Korra scrubbed her cheeks, trying to rid herself of both the current tear trails and the ones that had stained her since childhood. She hid her failure by continuing her story.

"After that, my dad started saving up money. He wanted me to have a life and a future like the other kids in the village. He wanted me to go to college, to be the first one of our village to do it. And even though it might not be the Bending life that everyone else got to have, he wanted me to experience the world, to make something of myself, to feel important. He wanted me to be something, something that he and the whole village could be proud of. That's when he started teaching me how to fight, too. He taught me all of the basic Non-Bending martial arts he knew." Korra noticed Asami eyeing her bare, somewhat-toned bicep, which was curled next to her knees. "He wanted me to be safe when I came here. And he wanted to try and give me the best education I could get."

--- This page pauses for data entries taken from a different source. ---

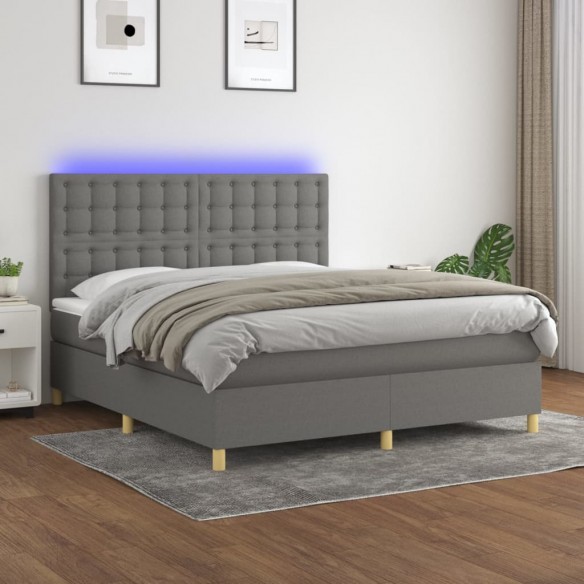 Cadre de lit et matelas et LED Gris foncé 160x200 cm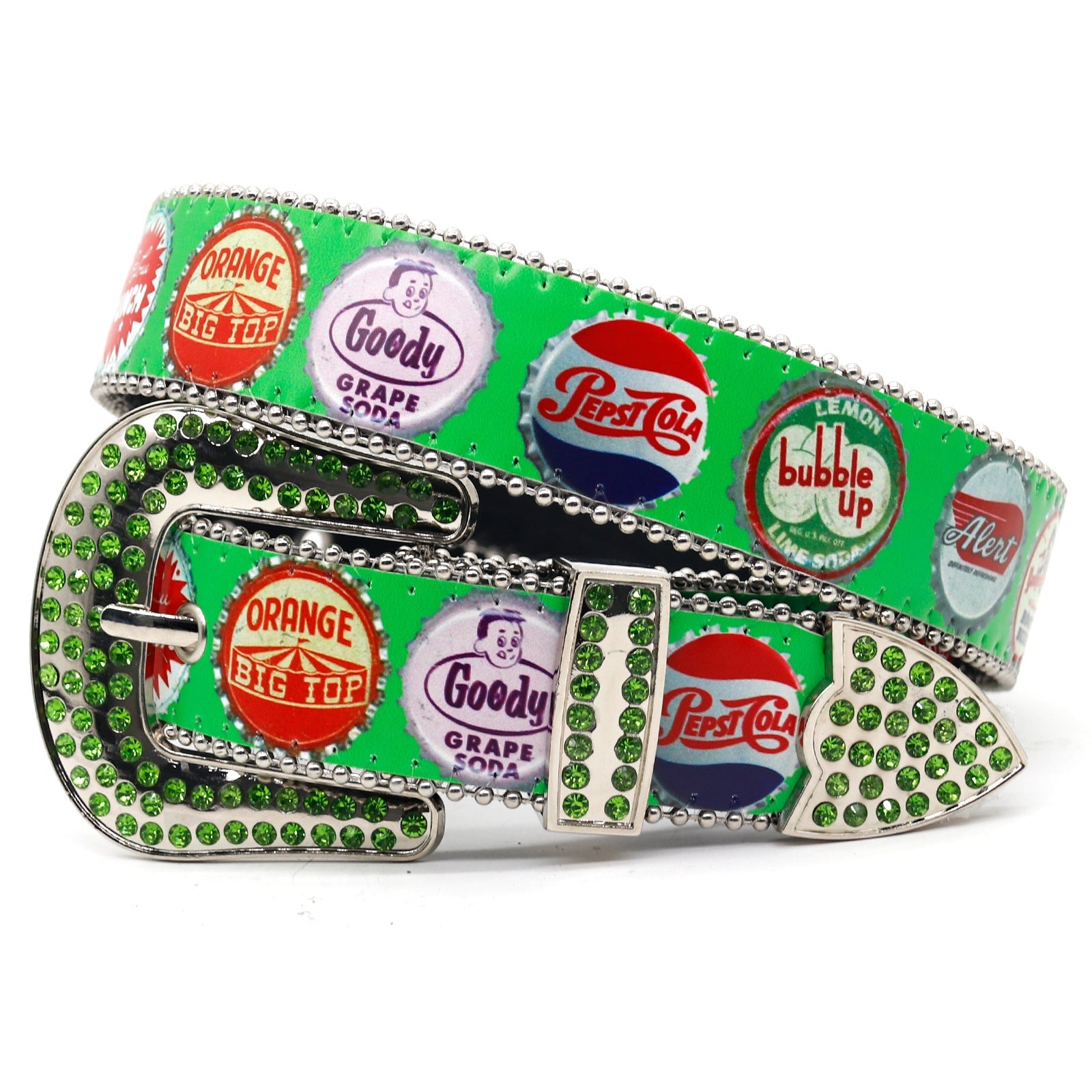 国内で当店のみ Supermade - BOTTLE CAP RHINESTONE BUCKLE BELT Vintage Bottle Cap Rhinestone Buckle Belt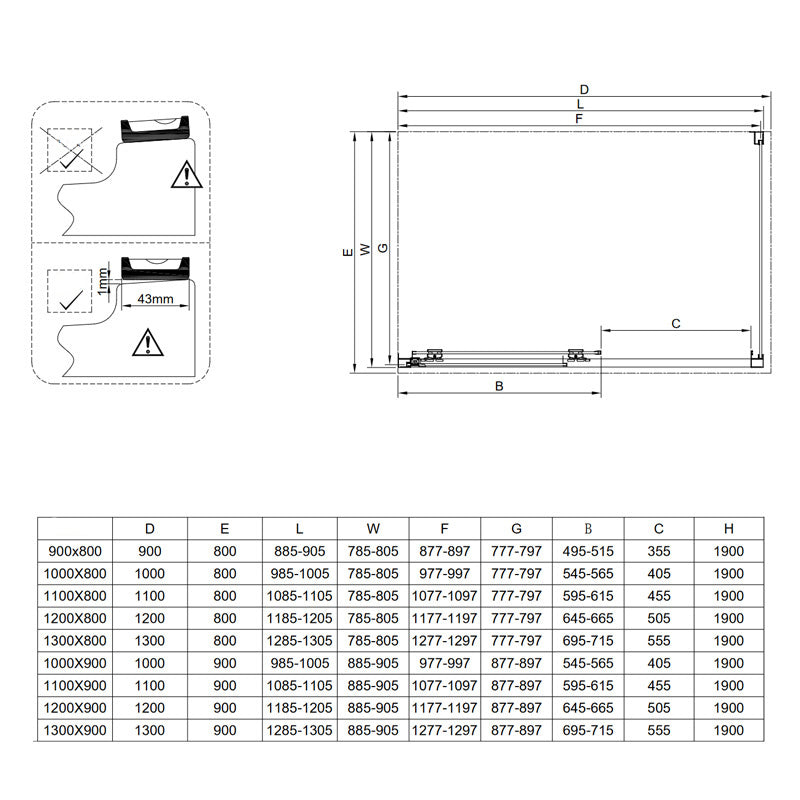 KABINA PRYSZNICOWA PROSTOKĄTNA SUPER SLIM NOVA CZARNA 120x90 CM 6 MM NOVA-BL-120X90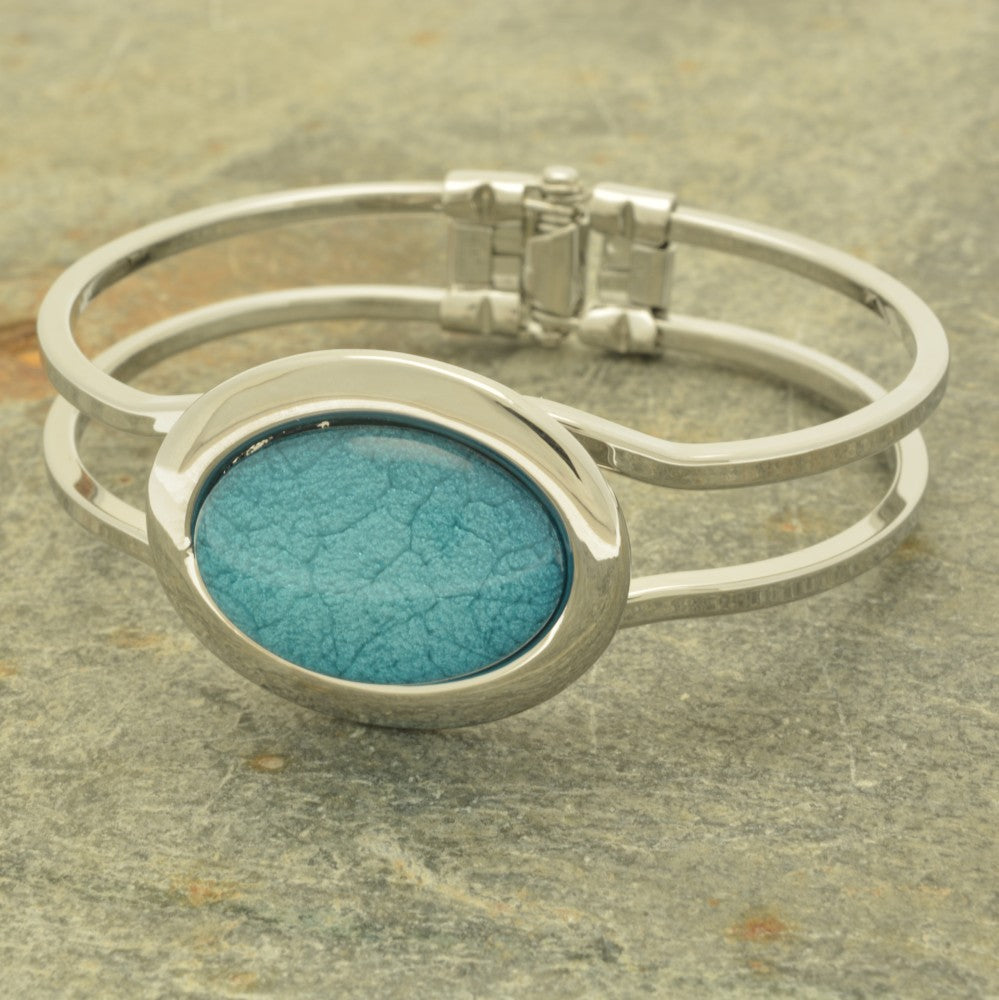 Sky Blue Marble Resin Hinged Bangle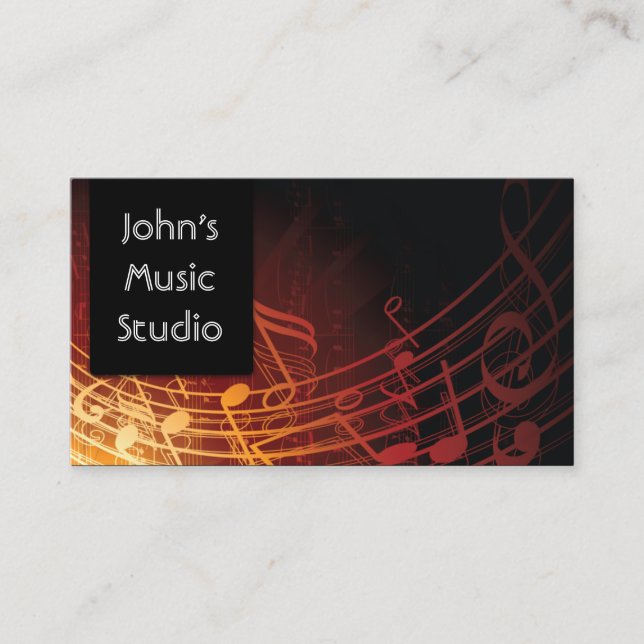 Carte De Visite Music Teacher Music Studio Élégant Musical (Devant)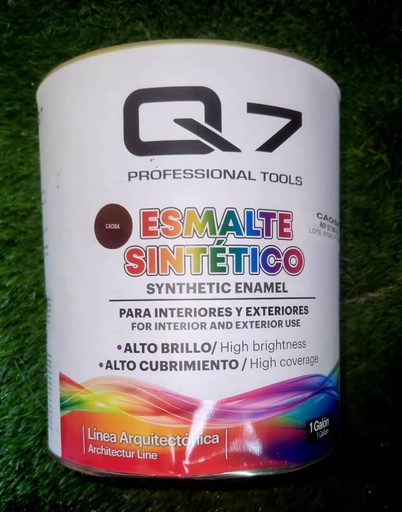 [Q7-204-4L] PINTURA ESMALTE, LATA DE 1 GALÓN  CAOBA-Q7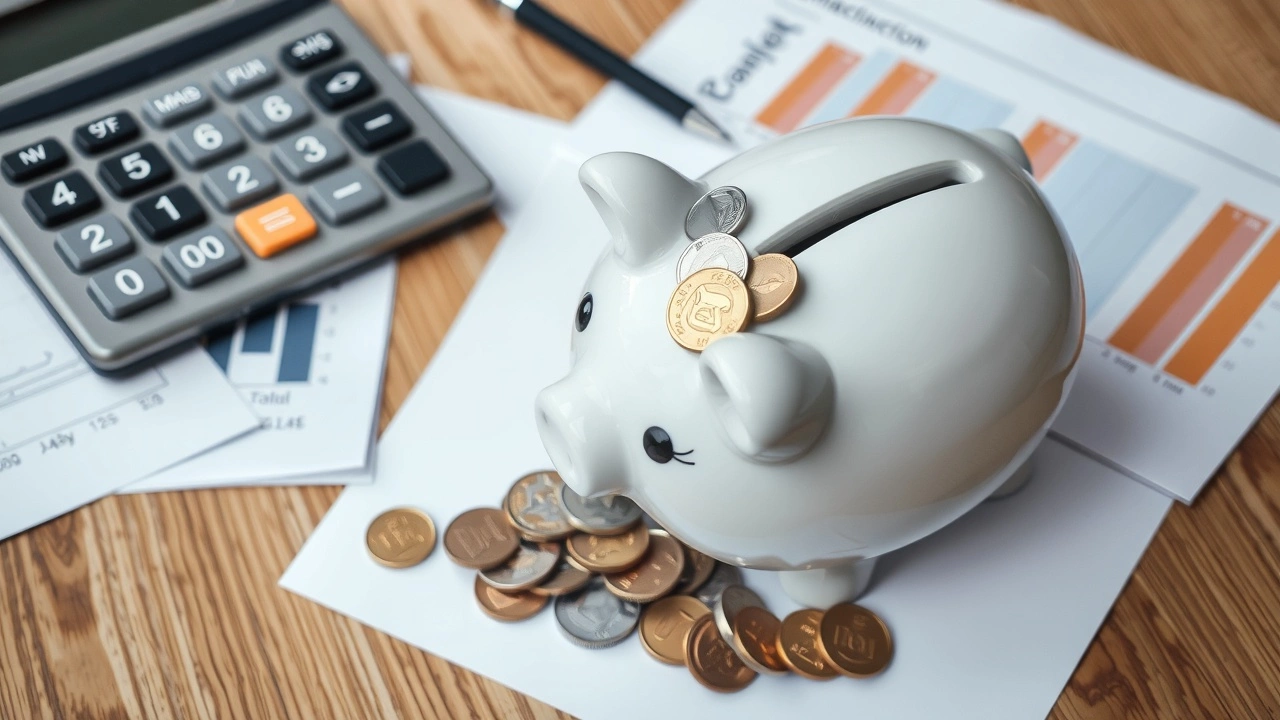 cochon tirelire rempli de pieces et calculatrice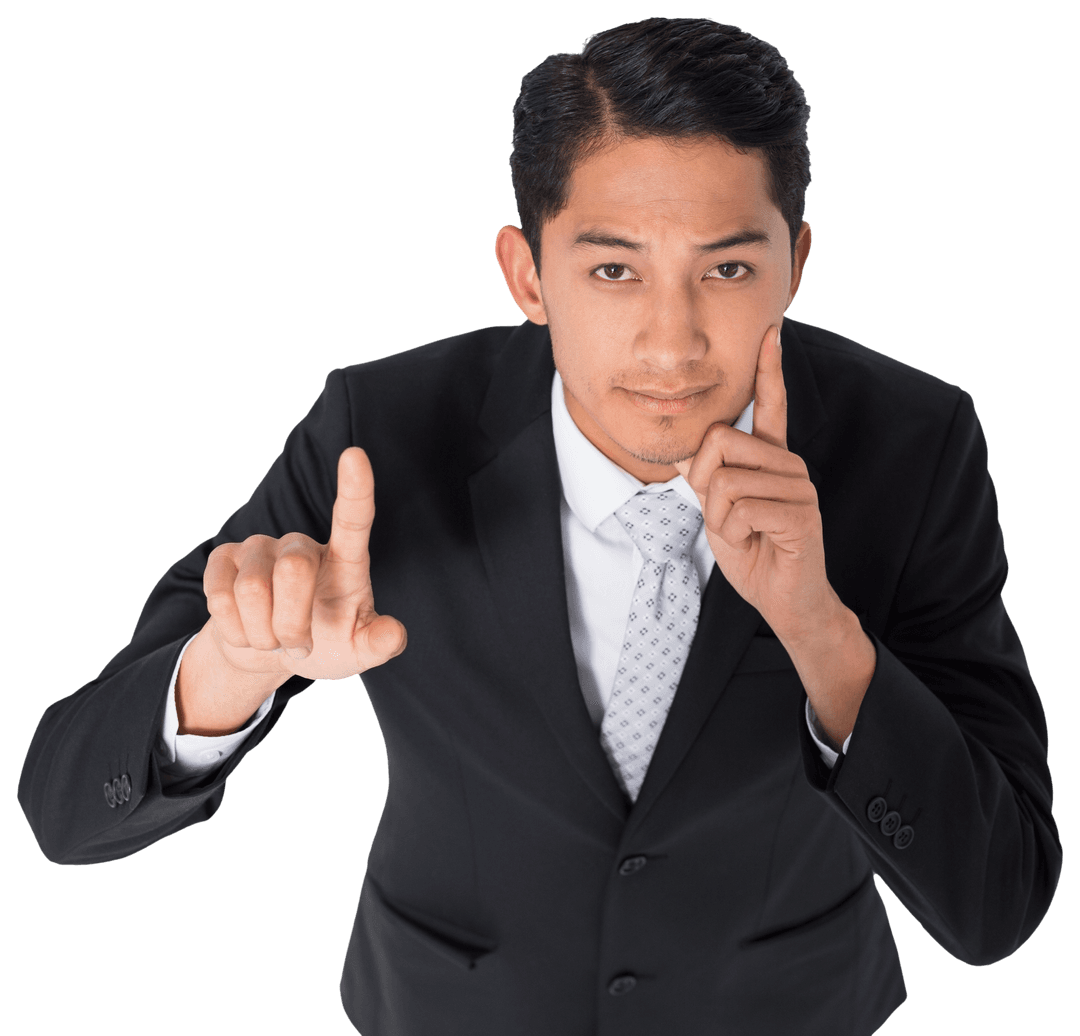 Transparent Asian Man Pointing and Thinking in Business Suit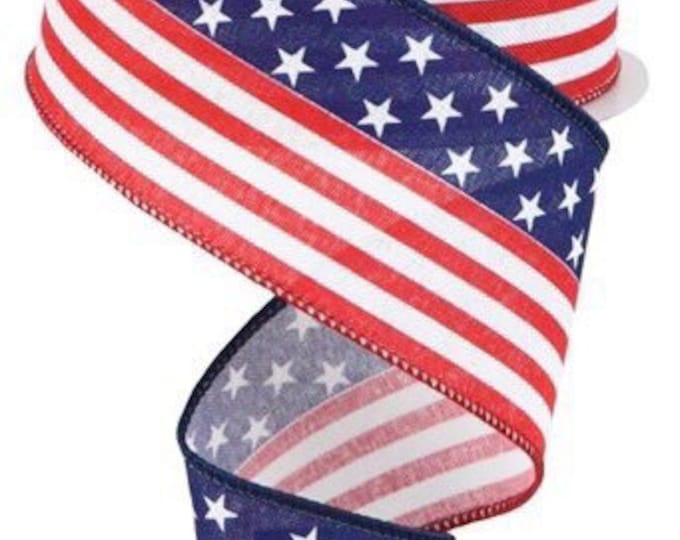 Flag Ribbon Small Patriotic Ribbon, American Flag Ribbon, Star and Stripes Ribbon, USA ...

"That's why it means so much to you, why all of this means so much."

Korra nodded. "I don't want to let them down. And I don't want to let you down."

She pulled her eyes off of the ground and met Asami's rather confused ones with a soft smile. "Me? What do I have to do with this?" She saw the Southerner swallow.

"You've helped me out a lot, Asami. You've been nothing but supportive of me since we met in Chem-lab. I wouldn't be this far without you."

The older woman hid her blush by rubbing the remnants of her tears off of her face. Korra grinned and brushed her own drops away. This had been a much more emotional night than either of them had anticipated.

"Do you still have dreams about Bending?" The question penetrated the silence with the mixture of emotions it held.

The Water Tribe girl dropped her gaze and fidgeted with her hands again. "Sometimes I do. Not as much as I used to, though. I kinda miss it. It was the closest I could get to being a Bender." She picked the textbook up and began rereading the problem for the fifth time. After a minute of staring and feeling distant green eyes on her, she sighed and handed the book to Asami. She crumpled up her previous work and threw it behind her, ready to try again with the instruction of the engineer.

"Need help?"

"Yes, please."

Asami smiled and began drawing out the ICE Box for their stoichiometry problem.